O que se sabe é que os três – Sonia, Amadeo e Viana – partilharam várias vezes temas e objectos na sua pintura. Com as bonecas de panos tradicionais e os brinquedos do Minho, em madeira e cerâmica, à cabeça. Em Vigo, a pintora sentia-lhes a falta e chegou a pedir a Viana que percorresse mercados e feiras para comprar alguns e lhos enviar para Espanha.
“É claro que eles se contaminam – a convivência faz isso às pessoas – mas mantêm-se muito autónomos. Em La Petite e na Revolta das Bonecas, por exemplo, vê-se bem a influência de Sonia no trabalho de Eduardo Viana”, mas é na Rendeira de Vila do Conde, a que o pintor se refere como o seu “grande Vermeer", que aplica verdadeiramente a teoria cromática simultaneísta, escreve Vasconcelos no catálogo desta exposição. “Na Rendeira também está uma reinterpretação dos lenços do Minho de que a Sonia tanto gostava.
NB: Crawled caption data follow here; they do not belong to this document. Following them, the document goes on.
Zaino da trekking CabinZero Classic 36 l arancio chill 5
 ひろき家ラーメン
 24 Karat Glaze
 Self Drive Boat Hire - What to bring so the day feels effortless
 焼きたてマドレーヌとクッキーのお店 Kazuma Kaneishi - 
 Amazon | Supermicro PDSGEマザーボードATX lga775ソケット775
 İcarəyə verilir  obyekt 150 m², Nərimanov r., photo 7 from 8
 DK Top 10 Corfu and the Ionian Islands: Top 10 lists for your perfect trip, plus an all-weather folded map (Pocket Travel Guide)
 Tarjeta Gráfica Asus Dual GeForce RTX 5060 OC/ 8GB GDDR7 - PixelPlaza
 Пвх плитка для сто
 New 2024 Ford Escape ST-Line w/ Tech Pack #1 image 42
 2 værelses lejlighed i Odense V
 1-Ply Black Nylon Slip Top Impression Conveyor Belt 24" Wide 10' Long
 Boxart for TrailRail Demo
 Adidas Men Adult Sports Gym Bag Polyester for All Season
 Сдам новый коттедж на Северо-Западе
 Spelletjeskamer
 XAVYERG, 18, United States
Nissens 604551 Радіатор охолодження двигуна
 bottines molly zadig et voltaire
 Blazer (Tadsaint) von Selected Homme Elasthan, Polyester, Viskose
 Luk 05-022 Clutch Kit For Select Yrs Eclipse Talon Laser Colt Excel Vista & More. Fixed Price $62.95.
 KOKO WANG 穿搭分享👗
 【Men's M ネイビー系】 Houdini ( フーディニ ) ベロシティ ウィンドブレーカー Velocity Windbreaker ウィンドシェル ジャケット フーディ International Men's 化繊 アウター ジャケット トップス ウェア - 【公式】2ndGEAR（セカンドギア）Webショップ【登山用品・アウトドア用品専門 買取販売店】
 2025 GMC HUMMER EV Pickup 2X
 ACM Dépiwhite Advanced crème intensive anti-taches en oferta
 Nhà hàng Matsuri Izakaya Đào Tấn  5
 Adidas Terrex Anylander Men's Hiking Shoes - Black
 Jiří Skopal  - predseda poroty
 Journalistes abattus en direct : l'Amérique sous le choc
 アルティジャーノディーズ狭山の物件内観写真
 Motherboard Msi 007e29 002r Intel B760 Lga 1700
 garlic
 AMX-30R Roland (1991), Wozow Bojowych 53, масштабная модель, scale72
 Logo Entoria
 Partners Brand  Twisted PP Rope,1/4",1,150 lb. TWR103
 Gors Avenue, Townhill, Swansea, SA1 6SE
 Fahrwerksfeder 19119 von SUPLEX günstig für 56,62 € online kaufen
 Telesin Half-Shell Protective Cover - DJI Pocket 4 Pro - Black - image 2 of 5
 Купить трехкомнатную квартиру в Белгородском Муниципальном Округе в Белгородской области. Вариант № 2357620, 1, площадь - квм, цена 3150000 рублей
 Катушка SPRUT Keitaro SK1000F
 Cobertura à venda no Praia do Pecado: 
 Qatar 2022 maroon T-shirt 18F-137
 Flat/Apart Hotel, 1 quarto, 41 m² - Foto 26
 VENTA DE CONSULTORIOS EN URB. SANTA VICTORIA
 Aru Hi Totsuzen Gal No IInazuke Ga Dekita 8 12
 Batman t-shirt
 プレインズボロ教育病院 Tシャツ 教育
Ela – ou melhor, eles – transformavam todos estes objectos populares, artesanais, em objectos modernistas.”
Sonia Delaunay, em particular, detinha-se nos padrões dos tecidos e nas particularidades das peças de cerâmica, antecipando a sua veia de “designer antes do design”. Exuberante e intuitiva por natureza, contrastava com o marido, mais sereno e cerebral. Os dois encontravam-se na pintura e na dança – “adoravam os bailes populares” – e guardaram boas lembranças do “tempo português”.
Viana sentiu-lhes a falta. Foi ele que chegou a viver com os Delaunay na casa de Vila do Conde, “La Simultanée”, onde lhe ensinaram a fixar as tintas com cera, de forma a tornar mais aveludadas as cores. Foi ele que chegou a escrever-lhes, quando estava prestes a regressar de uma viagem a Lisboa: “Levo-vos num lindo saco simultâneo belas laranjas da Baía […] Gostava tanto de vós, gosto muito de vós.”